START Data for review
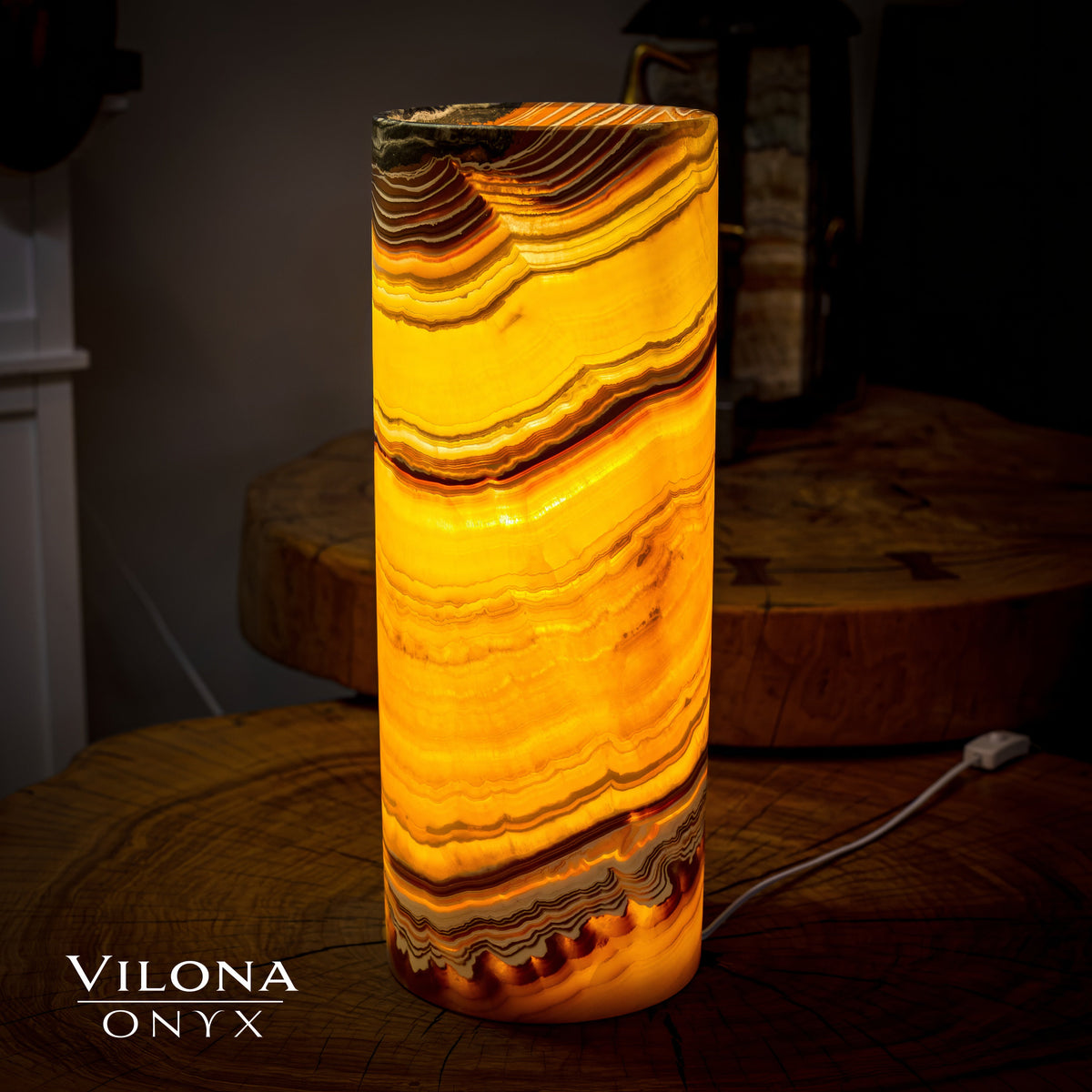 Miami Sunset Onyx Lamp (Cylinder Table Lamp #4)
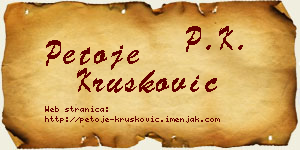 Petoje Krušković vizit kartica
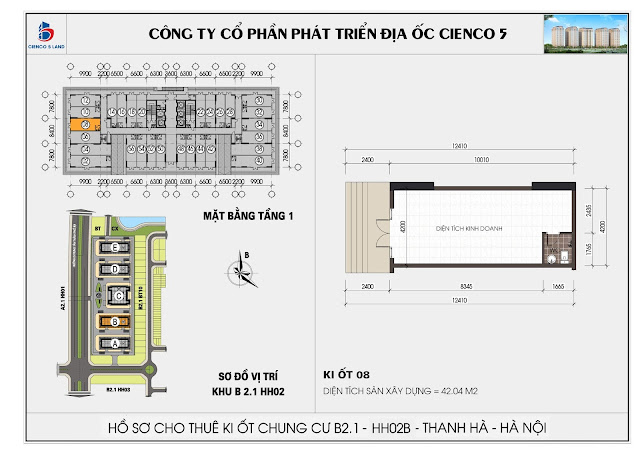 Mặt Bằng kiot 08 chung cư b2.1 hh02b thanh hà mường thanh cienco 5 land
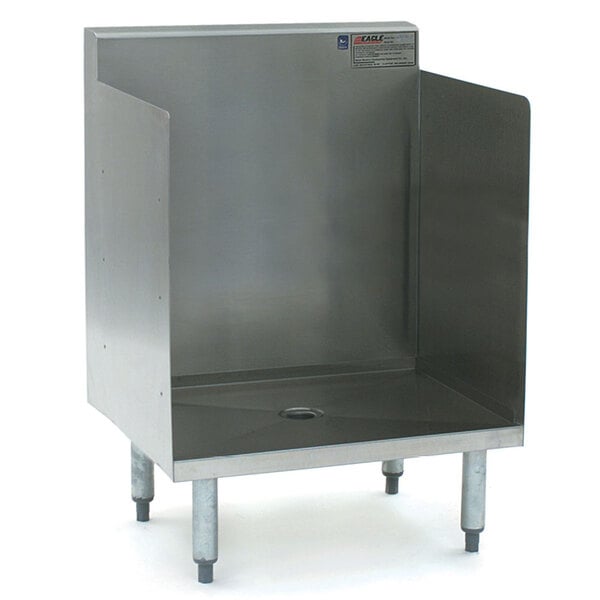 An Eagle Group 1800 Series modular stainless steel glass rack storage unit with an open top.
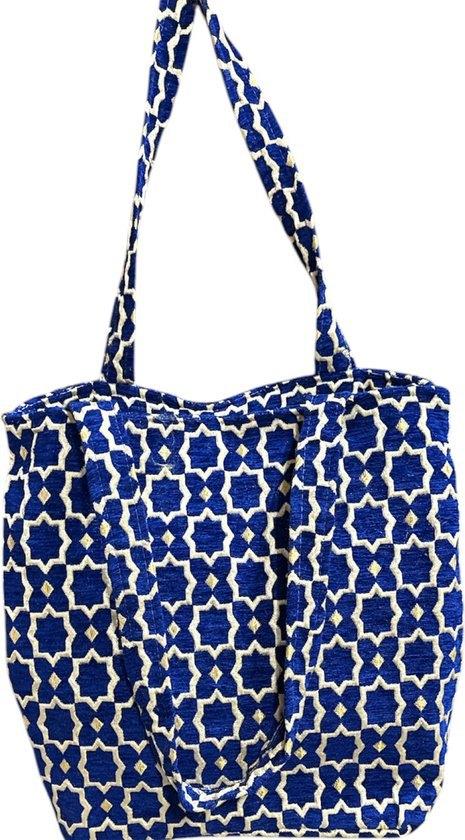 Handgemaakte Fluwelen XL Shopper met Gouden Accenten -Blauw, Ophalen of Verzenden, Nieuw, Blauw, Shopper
END Data for review
*Assigned task*.
Would you please print only the lines running from the one with "An Eagle Group" to the final line of the entries above, exactly as written and without pictures?

*Expected answer*.
 An Eagle Group 1800 Series modular stainless steel glass rack storage unit with an open top.
 Handgemaakte Fluwelen XL Shopper met Gouden Accenten -Blauw, Ophalen of Verzenden, Nieuw, Blauw, Shopper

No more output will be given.